All of this obviously hurts the user experience. It damages trust, not to mention it does a number on the operator’s reputation. Operators have to do everything they can to earn and keep the trust of their users. One of the main ways they do this is creating a cyber-resilient environment over the entire SIM lifecycle.
Of course, users like you are an intended beneficiary of 5G. But don’t be offended to learn that enterprises are actually meant to be the main beneficiary. 5G capabilities such as network slicing and virtualization will be leveraged and customized to provide enterprises with tailored connectivity. But, just like the user security concerns mentioned above, the data integrity of enterprises is also perpetually at threat. They require similar security measures.
Though not a security or legal concern, we need to mention 5G roaming before moving on. Naturally, when you travel outside your home country and you use a 5G-enabled phone, you expect certain things. You expect that your device will simply switch 5G networks and continue to roam. This is what we expect from our 4G LTE devices. So, of course, we expect that from new mobile technology, as well.
As 5G stands today, it’s still likely that while traveling internationally, your phone jumps to a 4G network. Or in some areas of the world, even a 3G network, depending on where you are. When that happens, you would be disconnected from the enhanced mobile experience that 5G brings.
The goal of worldwide 5G rollout is that a roaming policy be applied in any country and across 5G, 4G, and 3G networks. Mobile operators want to ensure roaming policies like this.
Now, let’s talk about the benefits of 5G SIM and how it resolves the security issues, legal concerns, and roaming issues described above.
The Benefits of 5G SIM
5G SIM can address the challenges mentioned in the previous section. Let’s take a look at the solutions 5G SIM technology provides by breaking them down into four parts. Subscriber identity privacy, cyber resilience, private networks confidentiality and tailored enterprise, and smooth 5G roaming.
Subscriber Identity Privacy
IMSI encryption is made possible by 5G SIM technology. It’s capable of this highly secure anonymization in large part because the tech is onboarded; it’s built into the 5G SIM. Not every 5G SIM made by every manufacturer includes this onboarded technology, but many - if not most - do.
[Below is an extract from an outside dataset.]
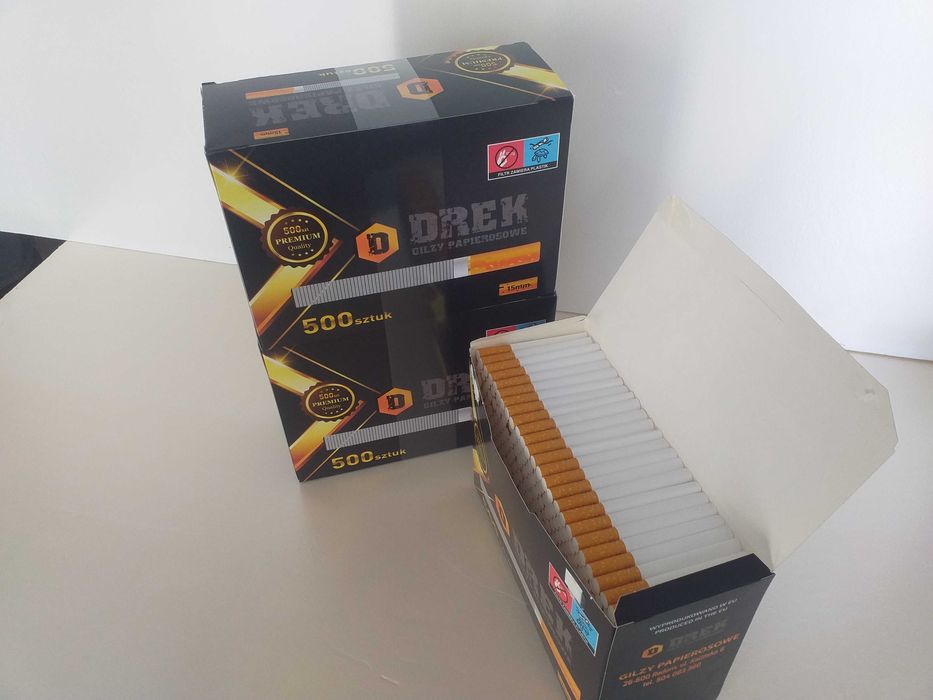 Gilzy Papierosowe DREK 500 - karton zbiorczy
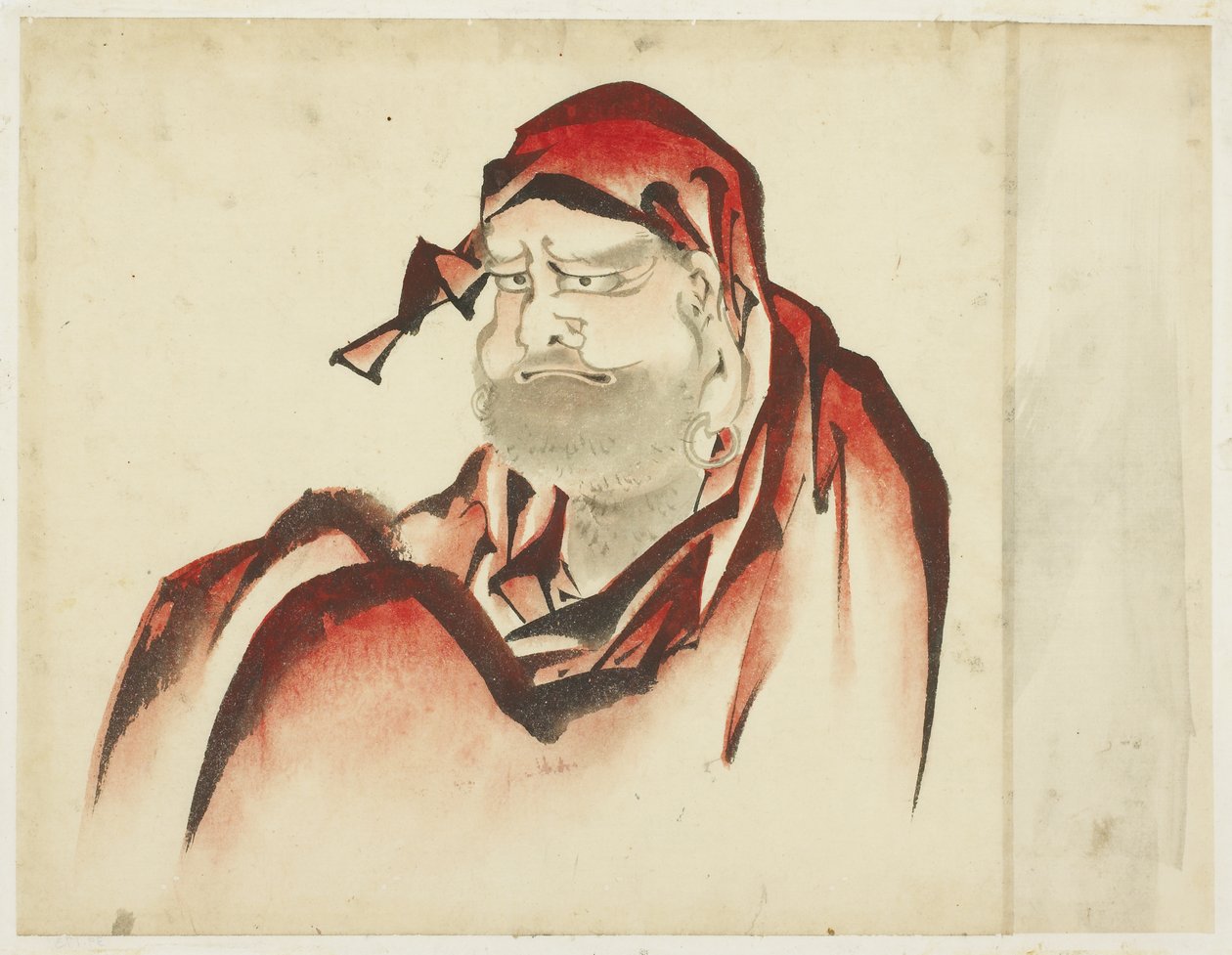 Daruma en robe rouge, c.1815-1849 - Katsushika (school of) Hokusai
Because of a feature called key rotation management, 5G SIM gives mobile operators the ability to swap the authentication algorithm inside the SIM. It’s an incredibly secure action and can be done on demand, essentially whenever they want, and they can do it remotely if they wish.
Private Networks Confidentiality & Tailored Enterprise
For each network slice, mobile operators can utilize 5G SIM’s network authentication mechanisms to provide authorization, authentication, and customized security. This means more confidentiality and higher integrity for private networks and enterprise 5G services.
Smooth 5G Roaming
With 5G SIM technology, mobile operators have the ability to steer 5G roaming capabilities over-the-air. This ensures an optimal, smooth 5G roaming experience for end users, not to mention the roaming revenues are maximized as a result.
What Is a 5G SIM and Why Are They Important? - Conclusion
Remember that by 2024, 5G is expected to reach close to 2 billion subscriptions, despite its commercial launch taking place only 3 years ago, in 2019. Compared to past mobile technology generations (2G, 3G, 4G), 5G is coming to fruition the fastest, by far.
5G SIM is an integral component of 5G technology and plays a large role in how quickly and efficiently mobile operators have been able to roll out 5G networks. As more 5G infrastructures are created, the influence of 5G SIM will continue to increase.